→ WORK REQUEST
In the material below, begin at the line that has "Визитка_Дарья_2_Монтажная_область_1.jpg", stop after the line that has "2023深圳国际茶器美学设计周", and transcribe those lines exactly, without pictures.

→ RECORD SET
____________________

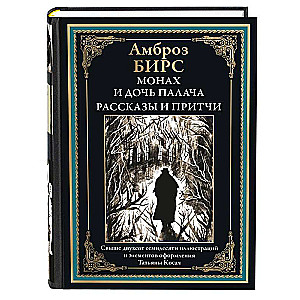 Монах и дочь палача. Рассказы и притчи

____________________

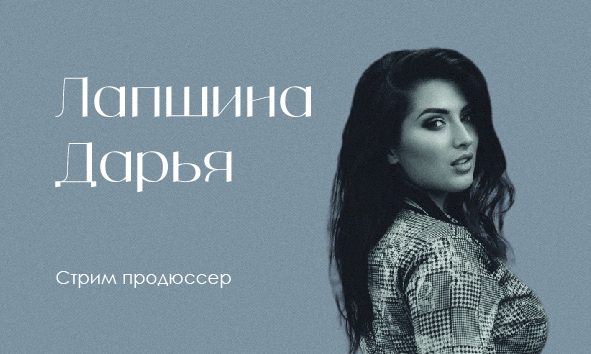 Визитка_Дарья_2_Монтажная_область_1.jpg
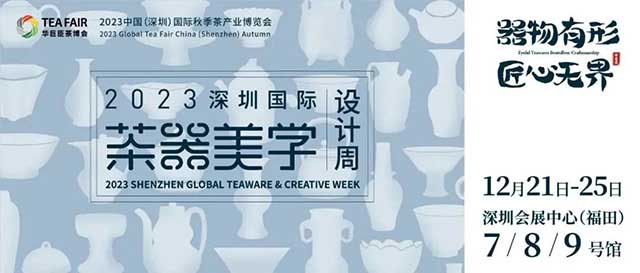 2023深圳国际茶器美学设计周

____________________

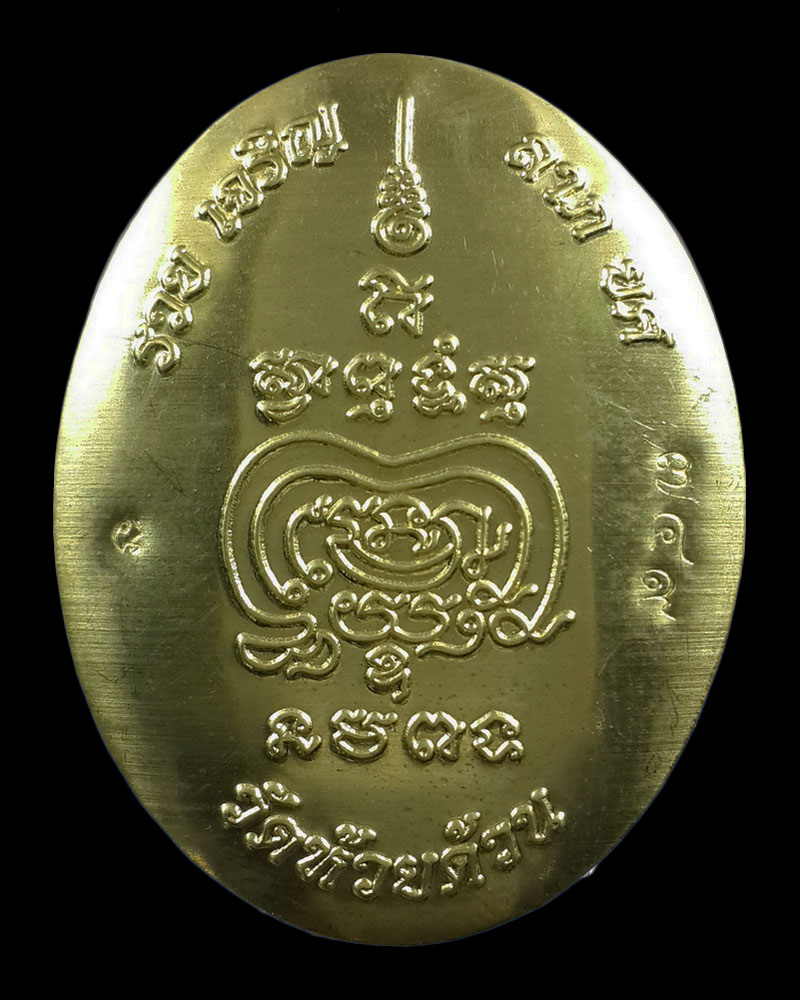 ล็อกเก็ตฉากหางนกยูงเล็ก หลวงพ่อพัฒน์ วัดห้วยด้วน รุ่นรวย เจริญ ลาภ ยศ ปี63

____________________

→ OUTPUT FOR THIS EXERCISE
 Визитка_Дарья_2_Монтажная_область_1.jpg
 2023深圳国际茶器美学设计周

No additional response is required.